Kind of like if you have a lot of money and a few obsessions you now get ahead more by having Tom Cruise couch hopping moments than by being an actual Howard Hughes or Hearst.

Separately we obviously really shouldn't be letting companies with such concentrated ownership be publicly traded with these multi-class shares, but I guess that's where we are now: reinventing feudalism in market trappings.

bigyabai

7 hours ago

"In this world some people born are like keys that move the world and exist having no connection to the social heirarchy established by man." - Kentaro Miura

I think that the average American discounts how important sociopaths are to the economy. The man chanting about developers, the guy who says you're holding it wrong, the human lawnmower who supports genocide, the CEO that introduced his wife to Epstein, the gay executive that launders bigoted politics, the other gay executive that wants to scan your eyeball and build AGI. The scheming Afrikaner now rides in to collect his due, astride two horses and a retinue of unsold EVs.

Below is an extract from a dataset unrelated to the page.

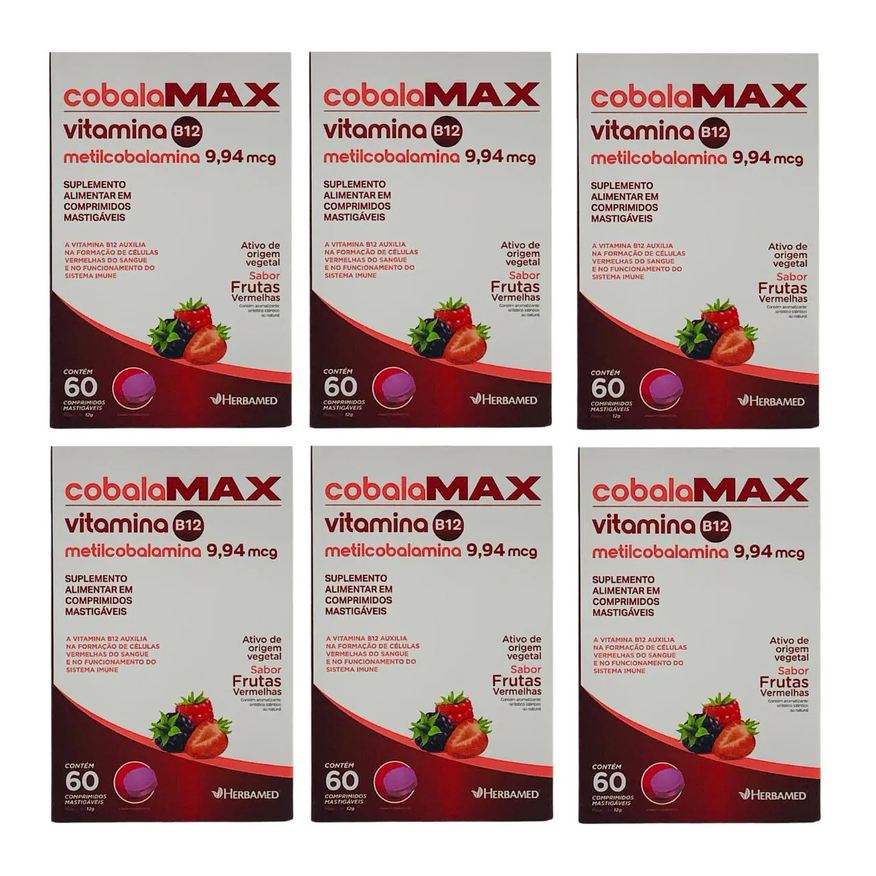 Herbamed 6 Unidades Vitamina B12 Cobalamax 60 comprimidos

They all have rabid fanbases, but also the Mandate of Heaven. These sociopaths can exploit whatever they set their eyes on, and dominate it until their judgement fails them. It wouldn't be such a problem if Americans had a healthy skepticism for chronic liars, and didn't worship brand identity to their last breath. That tide is slowly changing, but not fast enough to stop where we're headed.

WarmWash

8 hours ago

If you listen to Elon speak, and you don't have much technical knowledge, or even maybe have some mild technical knowledge, Elon really sounds like he knows what he is doing and has very high confidence he can execute it. He can very non-nonchalantly rattle off a plan to pull off the impossible like it's no big deal. And he does have some significant achievements under his belt, but quite a bit easier things than what he promises (and promised, often a decade ago) ahead.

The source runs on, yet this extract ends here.